Patient Stories – Andy
At 33 I never imagined calling an ambulance for myself; what could be giving so much pain? I had woken at 5am as if someone had shot me. I’d been experiencing a dull ache in my stomach for a week or two and now, thinking back, I’d had an ongoing problem with my digestion and movements, but I’m 33 I thought to myself.
I would like to make a point at this time, one that now has become one of my new principles, don’t be too stubborn to admit you need help.
For too long I’d ignored the warnings my body was giving me. Family and friends commented on my loss of weight and lack of appetite, I however dismissed their concern and carried on with my own demise. Analysing it now, my problems had started over a year ago.
Diarrhoea, no appetite, weight loss, worn-out, I wasn’t the upbeat bloke everybody knew. In the emergency department of St Mary’s Hospital Paddington the game of diagnosis began.
Initially the doctors agreed with my own gut feeling, that I had
appendicitis. So without further ado I was shaved and gowned. Lying
there with the pre-med warming my blood, I could never have
imagined what was waiting on the other side.
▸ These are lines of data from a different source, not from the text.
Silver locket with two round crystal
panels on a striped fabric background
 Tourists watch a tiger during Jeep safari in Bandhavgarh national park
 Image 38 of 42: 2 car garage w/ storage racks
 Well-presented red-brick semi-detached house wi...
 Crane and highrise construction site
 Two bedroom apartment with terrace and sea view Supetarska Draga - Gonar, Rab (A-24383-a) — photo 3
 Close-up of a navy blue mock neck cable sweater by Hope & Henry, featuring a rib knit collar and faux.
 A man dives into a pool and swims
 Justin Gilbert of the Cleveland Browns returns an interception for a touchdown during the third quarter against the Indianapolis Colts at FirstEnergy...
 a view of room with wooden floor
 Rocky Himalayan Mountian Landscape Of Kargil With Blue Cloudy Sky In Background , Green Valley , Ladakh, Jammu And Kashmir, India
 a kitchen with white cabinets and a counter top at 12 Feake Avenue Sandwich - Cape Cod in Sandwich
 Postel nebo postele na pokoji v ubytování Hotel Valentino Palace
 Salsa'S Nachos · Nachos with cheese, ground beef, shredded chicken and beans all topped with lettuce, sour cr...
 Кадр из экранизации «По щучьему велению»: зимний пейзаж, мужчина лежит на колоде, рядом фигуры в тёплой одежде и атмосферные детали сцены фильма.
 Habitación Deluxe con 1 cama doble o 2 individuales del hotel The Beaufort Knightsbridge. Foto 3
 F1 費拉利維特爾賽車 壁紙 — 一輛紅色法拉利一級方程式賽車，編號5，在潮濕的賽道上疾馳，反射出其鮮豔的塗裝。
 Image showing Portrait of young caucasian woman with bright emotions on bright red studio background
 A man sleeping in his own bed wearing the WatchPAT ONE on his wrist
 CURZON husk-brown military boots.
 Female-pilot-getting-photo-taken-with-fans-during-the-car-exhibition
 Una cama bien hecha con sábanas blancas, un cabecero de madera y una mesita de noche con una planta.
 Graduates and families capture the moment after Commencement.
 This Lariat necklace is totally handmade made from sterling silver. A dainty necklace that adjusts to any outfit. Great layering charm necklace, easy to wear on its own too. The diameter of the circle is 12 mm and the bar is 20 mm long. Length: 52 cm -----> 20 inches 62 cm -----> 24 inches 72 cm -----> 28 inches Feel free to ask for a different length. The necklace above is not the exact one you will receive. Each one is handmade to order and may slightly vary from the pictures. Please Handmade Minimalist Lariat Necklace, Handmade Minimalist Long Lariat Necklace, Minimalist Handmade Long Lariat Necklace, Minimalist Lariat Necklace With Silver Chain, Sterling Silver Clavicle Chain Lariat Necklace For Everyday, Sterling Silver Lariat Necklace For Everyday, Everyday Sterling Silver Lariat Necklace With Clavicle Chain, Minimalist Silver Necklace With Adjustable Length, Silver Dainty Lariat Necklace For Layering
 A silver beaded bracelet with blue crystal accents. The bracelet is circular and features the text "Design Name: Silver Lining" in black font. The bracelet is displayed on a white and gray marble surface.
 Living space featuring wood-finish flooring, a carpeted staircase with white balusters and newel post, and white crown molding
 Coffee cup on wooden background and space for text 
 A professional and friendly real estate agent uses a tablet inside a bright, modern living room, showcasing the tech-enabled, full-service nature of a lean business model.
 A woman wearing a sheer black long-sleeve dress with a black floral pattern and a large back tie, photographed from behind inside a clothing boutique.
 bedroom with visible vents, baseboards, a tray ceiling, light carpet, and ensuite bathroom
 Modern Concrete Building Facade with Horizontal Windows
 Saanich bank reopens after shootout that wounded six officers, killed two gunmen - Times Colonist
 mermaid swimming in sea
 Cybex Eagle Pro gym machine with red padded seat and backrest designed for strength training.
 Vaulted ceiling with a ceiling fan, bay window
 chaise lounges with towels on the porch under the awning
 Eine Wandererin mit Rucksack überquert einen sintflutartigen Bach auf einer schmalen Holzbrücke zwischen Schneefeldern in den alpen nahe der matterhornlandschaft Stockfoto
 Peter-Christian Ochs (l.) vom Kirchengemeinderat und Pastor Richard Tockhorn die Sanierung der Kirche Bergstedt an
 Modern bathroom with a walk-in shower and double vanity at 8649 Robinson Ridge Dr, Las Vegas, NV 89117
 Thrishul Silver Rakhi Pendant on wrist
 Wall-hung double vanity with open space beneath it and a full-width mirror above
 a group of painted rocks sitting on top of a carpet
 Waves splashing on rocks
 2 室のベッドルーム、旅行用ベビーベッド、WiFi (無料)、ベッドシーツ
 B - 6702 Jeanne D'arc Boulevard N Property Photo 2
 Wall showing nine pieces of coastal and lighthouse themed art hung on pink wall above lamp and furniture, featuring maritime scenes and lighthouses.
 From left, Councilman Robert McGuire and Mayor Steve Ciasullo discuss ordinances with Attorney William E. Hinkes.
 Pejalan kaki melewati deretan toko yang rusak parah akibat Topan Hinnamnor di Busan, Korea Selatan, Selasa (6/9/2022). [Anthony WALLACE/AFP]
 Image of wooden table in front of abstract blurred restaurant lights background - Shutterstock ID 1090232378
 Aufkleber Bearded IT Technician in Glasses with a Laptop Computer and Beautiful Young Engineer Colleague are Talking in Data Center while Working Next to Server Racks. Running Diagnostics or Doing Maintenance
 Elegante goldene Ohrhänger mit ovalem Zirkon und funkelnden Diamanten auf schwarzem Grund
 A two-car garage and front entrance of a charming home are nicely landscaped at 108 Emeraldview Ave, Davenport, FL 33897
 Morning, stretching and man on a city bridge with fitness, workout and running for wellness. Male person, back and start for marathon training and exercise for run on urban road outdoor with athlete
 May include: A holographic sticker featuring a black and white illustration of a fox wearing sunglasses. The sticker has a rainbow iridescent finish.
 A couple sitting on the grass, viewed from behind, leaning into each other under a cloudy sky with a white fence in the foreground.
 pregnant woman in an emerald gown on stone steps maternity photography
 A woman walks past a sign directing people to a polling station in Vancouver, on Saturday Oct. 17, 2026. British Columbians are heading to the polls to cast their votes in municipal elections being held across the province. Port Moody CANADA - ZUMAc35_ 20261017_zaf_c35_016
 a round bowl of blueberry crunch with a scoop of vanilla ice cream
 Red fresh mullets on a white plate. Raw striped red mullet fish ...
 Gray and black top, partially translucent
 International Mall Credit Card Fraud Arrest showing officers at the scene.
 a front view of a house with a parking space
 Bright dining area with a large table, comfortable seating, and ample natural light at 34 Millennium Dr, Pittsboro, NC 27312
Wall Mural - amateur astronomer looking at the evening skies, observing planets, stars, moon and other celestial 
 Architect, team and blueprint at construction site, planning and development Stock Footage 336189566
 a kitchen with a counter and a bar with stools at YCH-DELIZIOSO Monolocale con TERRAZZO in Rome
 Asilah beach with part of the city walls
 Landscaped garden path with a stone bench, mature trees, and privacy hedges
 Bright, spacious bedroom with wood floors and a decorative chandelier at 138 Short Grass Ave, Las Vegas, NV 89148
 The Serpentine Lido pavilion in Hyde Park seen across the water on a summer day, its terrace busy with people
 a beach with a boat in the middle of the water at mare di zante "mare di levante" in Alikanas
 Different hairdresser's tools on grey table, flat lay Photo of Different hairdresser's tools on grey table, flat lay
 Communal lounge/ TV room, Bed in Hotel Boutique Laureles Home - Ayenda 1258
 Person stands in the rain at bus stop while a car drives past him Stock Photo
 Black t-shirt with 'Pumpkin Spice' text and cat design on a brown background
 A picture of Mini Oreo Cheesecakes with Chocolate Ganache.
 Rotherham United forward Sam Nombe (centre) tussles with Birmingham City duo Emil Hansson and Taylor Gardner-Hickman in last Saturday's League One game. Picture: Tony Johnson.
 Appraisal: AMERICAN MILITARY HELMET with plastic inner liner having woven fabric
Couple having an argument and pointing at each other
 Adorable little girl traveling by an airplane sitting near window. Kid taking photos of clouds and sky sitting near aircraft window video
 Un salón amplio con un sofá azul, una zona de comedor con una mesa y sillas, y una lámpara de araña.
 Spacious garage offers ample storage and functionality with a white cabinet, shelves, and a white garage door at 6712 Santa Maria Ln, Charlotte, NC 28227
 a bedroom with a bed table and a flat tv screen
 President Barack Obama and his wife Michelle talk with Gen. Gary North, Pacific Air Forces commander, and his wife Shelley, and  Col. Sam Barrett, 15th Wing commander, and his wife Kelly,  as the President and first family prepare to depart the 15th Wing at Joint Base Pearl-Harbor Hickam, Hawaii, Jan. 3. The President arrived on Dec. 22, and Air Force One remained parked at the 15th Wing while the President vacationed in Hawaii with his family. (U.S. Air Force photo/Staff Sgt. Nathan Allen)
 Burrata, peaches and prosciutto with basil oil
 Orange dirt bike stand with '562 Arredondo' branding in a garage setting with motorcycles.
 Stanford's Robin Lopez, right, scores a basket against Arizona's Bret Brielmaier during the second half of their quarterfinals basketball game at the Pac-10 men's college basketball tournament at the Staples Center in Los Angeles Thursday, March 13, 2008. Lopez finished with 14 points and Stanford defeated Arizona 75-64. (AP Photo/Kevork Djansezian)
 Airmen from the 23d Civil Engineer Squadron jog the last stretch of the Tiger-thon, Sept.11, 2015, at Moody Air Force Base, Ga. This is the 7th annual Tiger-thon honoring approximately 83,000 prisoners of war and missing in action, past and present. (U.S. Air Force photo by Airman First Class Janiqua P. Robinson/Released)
I was told that I had had a section of my bowel removed that had
perforated. It wasn’t for 3 days that I was told that I had a
neuroendocrine tumour which was metastatic. With this news my life changed forever.
“I have cancer” I thought to myself over and over again. How and why were the two questions that constantly went round my head. Now I know the questions to ask yourself should be 1, how do we beat this? and 2, what do I need to do to beat this?
The ‘how’ is easy, leave it the professionals. I met Dr Martyn Caplin with mum and dad one Friday in December and a frank discussion took place. A number of options are open to someone with a neuroendocrine tumour as the disease is rare and many of the cancer treatments for this disease are still in trial form so this allows more options. I was told that my best chance lay with a somatostatin analogue called Octreotide in conjunction with Interferon. I won’t bore you with the science but suffice to say this is the best first option FOR ME.
The ‘what’ was easy too. Give up everything I had been doing
previous to my diagnosis and start listening to every piece of
guidance. Stop smoking, drinking, eating over cooked food, the usual things that make life pleasant. Funny as it sounds I have enjoyed reevaluating my situation. It has given me a chance to understand that as much as we hope we are, we are not invincible. I have started exercising and eating the foods that are good for me rather that taste good to me. I won’t go on with this point, but I will say that you should listen to all the advice given to you and try to put in place a schedule that you can stick to.
I am now in treatment and my weekly trips to the Royal Free to see the lovely Cathy and Janelle are underway. These girls know what they are on about so listen to them and don’t be afraid to ask their advice whenever you are not sure about anything. I refer you back to the beginning of this piece; don’t be too proud to ask for help. We are all in our own way fighters but this is something that takes not only your own mental strength but the combined strengths of family and friends, doctors and nurses, Holland and Barrett and Holmes Place, to name just a few.
When you think about it, what other choice is there but to hope? We have two options, medically and emotionally: give up, or Fight Like Hell.